There was a main effect of Set Size for the amplitude of the SPCNL, F(1, 19) = 5.97, p = .024, partial η2 = .239. The mean amplitude of the SPCNL was greater at Set Size 4 (M = −1.21, SE = .301) than at Set Size 2 (M = −.925, SE = .263). There was not a significant effect of Mask Condition, F(1, 19) = .002, p = .966, partial η2 = 0.00, or a Set Size × Mask interaction, F(1, 19) = .548, p = .468, partial η2 = .028. Thus, unlike the early SPCN time window, the SPCNL was modulated by the number of distractors present, suggesting that increasing set size results in more distractors being stored in VWM. This finding is further explored in the Discussion section.

ERP precision analysis

The preceding analyses demonstrate that immediately following the allocation of attention (as indexed by the N2pc), the early window of the SPCN increases in amplitude in Masked compared to Unmasked trials. Given that accuracy is higher in the Unmasked conditions, this finding is somewhat in contrast to previous studies that have observed larger SPCN amplitude in response to correct compared to incorrect trials (Harris et al., 2013; Prime et al., 2011). One solution may be that the greater SPCN amplitude on masked trials is due to object individuation-through-updating processes. That is, when masking is unsuccessful (i.e., a correct response is made despite the presence of the mask), the representations of the target plus mask and mask alone may be consolidated as separate representations. Because the SPCN amplitude is typically thought to reflect information load, this would result in larger SPCN amplitude for Masked trials as compared to Unmasked trials. This should only be true, however, if the target is unsuccessfully masked, resulting in individuation of the target from the mask and more accurate performance (Goodhew et al., 2015; Moore & Lleras, 2005).
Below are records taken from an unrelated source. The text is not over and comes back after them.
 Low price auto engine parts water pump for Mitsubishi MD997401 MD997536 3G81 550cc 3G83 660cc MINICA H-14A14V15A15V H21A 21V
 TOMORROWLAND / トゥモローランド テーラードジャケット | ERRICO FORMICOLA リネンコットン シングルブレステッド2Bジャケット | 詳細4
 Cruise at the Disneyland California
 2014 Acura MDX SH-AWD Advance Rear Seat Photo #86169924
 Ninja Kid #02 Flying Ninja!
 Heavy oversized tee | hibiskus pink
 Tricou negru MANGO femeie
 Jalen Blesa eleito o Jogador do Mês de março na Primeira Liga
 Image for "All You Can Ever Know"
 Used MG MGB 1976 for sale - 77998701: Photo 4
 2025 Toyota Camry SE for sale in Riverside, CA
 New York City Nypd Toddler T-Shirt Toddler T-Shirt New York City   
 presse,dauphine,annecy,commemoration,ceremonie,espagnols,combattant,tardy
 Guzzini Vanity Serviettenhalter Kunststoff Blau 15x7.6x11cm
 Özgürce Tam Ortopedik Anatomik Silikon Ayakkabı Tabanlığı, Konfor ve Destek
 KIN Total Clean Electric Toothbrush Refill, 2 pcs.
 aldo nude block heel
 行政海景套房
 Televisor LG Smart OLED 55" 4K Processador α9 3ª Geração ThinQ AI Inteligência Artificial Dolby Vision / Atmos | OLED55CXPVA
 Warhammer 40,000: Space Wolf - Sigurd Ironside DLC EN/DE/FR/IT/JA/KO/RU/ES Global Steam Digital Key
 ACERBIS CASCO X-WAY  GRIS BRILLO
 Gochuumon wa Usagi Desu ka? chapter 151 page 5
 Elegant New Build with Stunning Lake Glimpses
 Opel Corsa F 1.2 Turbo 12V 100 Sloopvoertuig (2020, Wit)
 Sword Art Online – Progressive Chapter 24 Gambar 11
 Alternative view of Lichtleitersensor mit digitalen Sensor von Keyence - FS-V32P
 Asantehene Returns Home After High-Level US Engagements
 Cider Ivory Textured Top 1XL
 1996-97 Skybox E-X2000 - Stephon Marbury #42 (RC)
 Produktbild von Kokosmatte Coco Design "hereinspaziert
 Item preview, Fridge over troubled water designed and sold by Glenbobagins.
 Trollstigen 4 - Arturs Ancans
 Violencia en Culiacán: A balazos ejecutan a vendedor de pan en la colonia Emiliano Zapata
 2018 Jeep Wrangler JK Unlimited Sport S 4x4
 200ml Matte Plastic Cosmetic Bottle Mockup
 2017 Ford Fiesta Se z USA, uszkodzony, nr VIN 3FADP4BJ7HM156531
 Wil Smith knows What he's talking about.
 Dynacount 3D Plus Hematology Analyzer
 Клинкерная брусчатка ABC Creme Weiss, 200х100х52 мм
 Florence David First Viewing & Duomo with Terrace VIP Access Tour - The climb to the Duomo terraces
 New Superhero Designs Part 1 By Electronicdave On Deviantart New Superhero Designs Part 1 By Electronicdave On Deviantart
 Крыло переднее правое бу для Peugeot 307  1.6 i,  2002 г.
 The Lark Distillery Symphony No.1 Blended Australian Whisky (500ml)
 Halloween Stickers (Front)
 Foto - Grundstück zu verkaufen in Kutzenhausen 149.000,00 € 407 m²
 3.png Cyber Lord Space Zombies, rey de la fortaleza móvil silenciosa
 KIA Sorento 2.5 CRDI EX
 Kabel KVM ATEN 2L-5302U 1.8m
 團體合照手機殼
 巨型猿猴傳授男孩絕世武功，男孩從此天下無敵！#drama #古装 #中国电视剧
On trials in which the target is successfully masked, however, the target should either fail to be individuated from the mask (object updating) or should be substituted by the mask entirely (object substitution).

Consequently, to further examine whether the SPCNE is affected by behavioral performance accuracy, over and above the effect of the mask, we analyzed the ERPs within the Masked and Unmasked conditions, separating trials based on how precise participants were on a given trial. Namely, precise and imprecise trials were determined for each participant by performing a median split on response error (response orientation − target orientation in degrees). Imprecise trials likely reflect a combination of imprecise responses as well as guesses and nontarget errors, and can be referred to as overall “inaccurate” trials. As we were primarily interested in examining selective attention and performance accuracy in the Masked condition, we averaged across Set Size in the following analyses. A 2 (Mask Condition) × 2 (Precision) repeated-measures ANOVA was conducted for the N2pc (reflecting selective attention, 200–350 ms) and the SPCNE (350–500 ms) at channel pair PO7/PO8 (see Fig. 5).Footnote 1

Fig. 5
figure 5

a Grand average ERP waveforms measured at PO7/PO8, split by Precision and Mask Condition. (b–c) Mean amplitude of N2pc and SPCNE for each condition. Within-subject error bars reflect ±1 standard error of the mean. (Color figure online)

SPCNE

Both main effects of Precision, F(1, 19) = 7.53, p = .013, partial η2 = .284, and Mask Condition, F(1, 19) = 14.53, p = .001, partial η2 = .433, were significant. The SPCNE amplitude was larger for Precise trials (M = −1.06, SD = 1.51) as compared to Imprecise trials (M = −.594, SD = 1.20). Additionally, there was greater amplitude for Masked (M = −1.01, SD = 1.46) as compared to Unmasked (M = −.646, SD = 1.25) trials. The difference in amplitude across Mask Conditions is consistent with our previous SPCNE analysis, and suggests that more information is consolidated into memory when the mask is present. The interaction term did not reach significance, F(1, 19) = 2.46, p = .133, partial η2 = .115.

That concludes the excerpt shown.